Since all cases were children with body mass of over 50 kg, they were administered doses given to adults, concerning oral, intravenous, and intratympanic glucocorticoids. To be more precise, for oral administration, 16 mg of methylprednisolone tablets were given in a tapering form; S: 3×1 for 3 days, S: 2×1 for the next 3 days, and S: 1×1 for the last 3 days. Furthermore, the intravenous dose was 1 mg/kg/day prednisolone for 7 days followed by 0.5 mg/kg/day for 3 days; (after his discharge the third case continued taking orally methylprednisolone 32 mg/day for 4 days, followed by 16 mg/day for an additional 3 days). As for the intratympanic injections, 0.6 mL of 4 mg/mL dexamethasone was administered. The coadministration of a proton pump inhibitor is of great importance.
Discussion
The audio-vestibular system may be infected by severe acute respiratory syndrome coronavirus 2 (SARS-CoV-2), leading to SSNHL [
1]. However, the precise processes by which SARS-CoV-2 affects the audio-vestibular system are still not well understood. Despite the fact that several investigations into COVID-19-related SSNHL have been carried out, they have been dispersed and unorganized. The true frequency of SSNHL in COVID-19 patients is worldwide unknown [
7]. The preferred treatment for COVID-19-related SSNHL is glucocorticoids [
4]. When hearing loss is suspected in patients with a positive history of COVID-19 illness, hearing testing is advised. If SSNHL is found, quick and aggressive treatment is crucial. In the available literature, pure tone audiometry is mainly used to detect COVID-19-related SSNHL. Speech audiometry may be considered to evaluate the effect of SARS-CoV-2 on cognitive processes [
6].
It is crucial to look into this further given the prevalence of the coronavirus in the general population and the severe morbidity of adult hearing loss. This is particularly true considering the urgent need to detect and treat hearing loss and the existing accessibility issues to healthcare. We advise urgent referral to otolaryngology for any patient presenting with acute hearing loss.

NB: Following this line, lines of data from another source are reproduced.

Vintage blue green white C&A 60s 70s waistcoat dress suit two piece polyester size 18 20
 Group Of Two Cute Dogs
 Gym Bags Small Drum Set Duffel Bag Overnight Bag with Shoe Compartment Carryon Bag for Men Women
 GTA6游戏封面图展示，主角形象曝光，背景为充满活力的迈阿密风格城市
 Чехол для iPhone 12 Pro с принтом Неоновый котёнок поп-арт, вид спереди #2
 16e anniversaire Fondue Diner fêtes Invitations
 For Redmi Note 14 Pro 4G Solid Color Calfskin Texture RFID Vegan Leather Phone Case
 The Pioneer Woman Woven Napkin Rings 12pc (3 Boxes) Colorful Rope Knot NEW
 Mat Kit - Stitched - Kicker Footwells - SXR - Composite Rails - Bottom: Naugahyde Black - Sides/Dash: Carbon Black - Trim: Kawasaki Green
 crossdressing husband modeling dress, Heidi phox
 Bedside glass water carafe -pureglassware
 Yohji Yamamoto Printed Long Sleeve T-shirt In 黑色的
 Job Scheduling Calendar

ENT clinical examination of all our cases was normal. Endoscopy of the eardrums showed no pathological signs. The tympanogram and the acoustic reflexes were normal in both ears in all cases. Weber’s was lateralized to the non-affected ear and Rinne’s test at 256 Hz and 512 Hz showed air conduction greater than bone conduction on both ears. Only the third child had an additional first degree left-beating optokinetic nystagmus, compatible with right peripheral vestibulopathy. The audiogram indicated unilateral severe SSNHL in all frequencies. CT and MRI scans of the brain and temporal bones showed no pathology of the related structures. Oral methylprednisolone was administered to the first 2 cases and intravenous methylprednisolone in a tapering form was administered to the third patient, respectively. In addition, the children underwent intratympanic dexamethasone injections and hyperbaric oxygen therapy with hearing improvement in lower and middle frequencies.
The increase in cases of SSNHL post-COVID-19 infection referred to our hospital, ever since the outbreak of the SARS-CoV-2 pandemic, combined with the fact that the incidence of sudden hearing loss in the pre-pandemic years was relatively low, may suggest the COVID-19 infection as a possible cause.
The limitation of our paper is the small number of cases due to the recent COVID-19 pandemic infection. Worldwide multicenter studies in children should be conducted to investigate the exact impact of COVID-19-related SSNHL in pediatric population.
We report the first cases of SSNHL in COVID-19 pediatric patients around the world to date. The prognosis of COVID-19-related SSNHL in children is closely related to the onset of treatment. The combination of glucocorticoids, intratympanic dexamethasone, and hyperbaric oxygen therapy could be effective for COVID-19-related SSNHL in children. Further large-scale, multicenter studies in children should be conducted to investigate the pathophysiology, diagnosis, treatment, and prognosis of COVID-19-related SSNHL in pediatric population.